Tak lama kemudian, buaya mengibasnya. Setelah terjatuh ke sungai, korban langsung diseret.
"Buaya berhasil ditemukan setelah warga menggunakan bom ikan di tempat yang diduga menjadi lokasi keberadaan buaya. Setelah itu buaya langsung ditembak.

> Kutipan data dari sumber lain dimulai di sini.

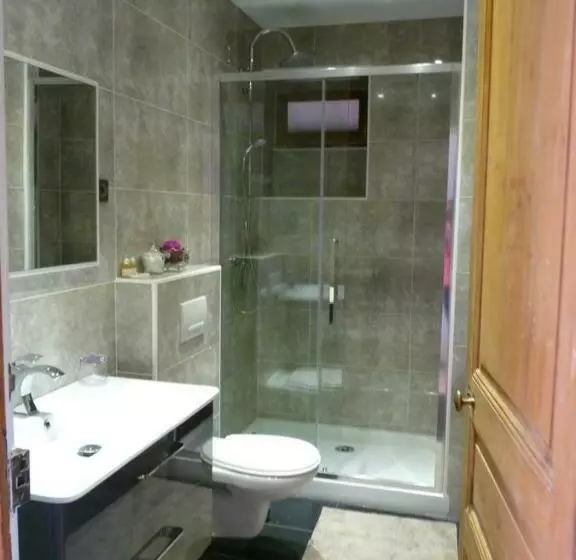 Majatalo Chateau La Bouriette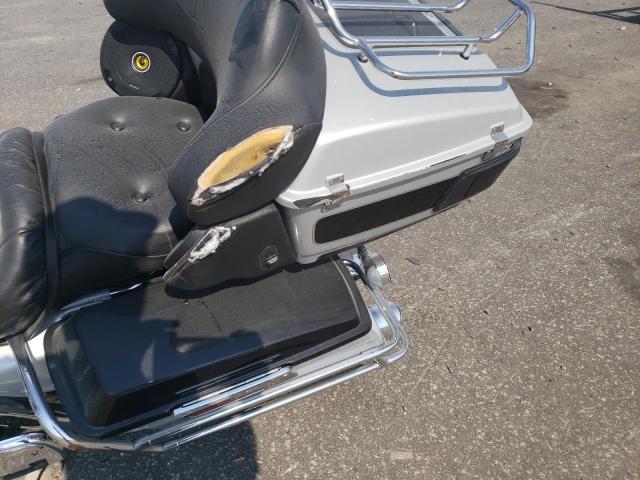 1HD1FCW193Y635498 - 2003 HARLEY-DAVIDSON FLHTCUI 银色 照片 10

Setelah perutnya dibelah oleh salah satu dokter Puskesmas Sangatta Selatan, ditemukanlah jasad korban di dalamnya," kata warga, Nazaruddin Hafid.
Sementara buaya kedua yang memangsa seorang pria bernama Baddu (40) di Tanjung Limau, Kecamatan Muara Badak (Kabupaten Kukar) ditangkap pada tanggal 10 April 1996.
Buaya berkelamin betina ini memiliki panjang 5,5 meter, berat 200 kg dengan lingkar perut sekitar 1 meter.
Setelah itu, kedua buaya yang dijuluki "monster dari Sangatta" tersebut diawetkan dan dipajang di Museum Kayu Tuah Himba, Kota Tenggarong Kabupaten Kutai Kartanegara.
Selain kedua buaya tersebut, masih ada jasad seekor buaya besar yang diawetkan warga.
Saat ini jasad buaya masih berada di sekitar Mapolsek Sangkulirang, Kabupaten Kutai Timur.
Buaya tersebut memangsa Sahar, warga Desa Takat, Kecamatan Sandaran, tanggal 15 Maret 2010 lalu.
Kepada Tribun, Paman Sahar, Aminuddin, dan Bahtiar, teman Sahar, yang menjadi saksi tragedi itu menceritakan tali pengikat kapal Sahar tersangkut, sehingga kapalnya miring lalu tenggelam.
Bahtiar langsung menyelam ke sungai untuk melepas tali. Sedangkan Sahar menyusul terjun.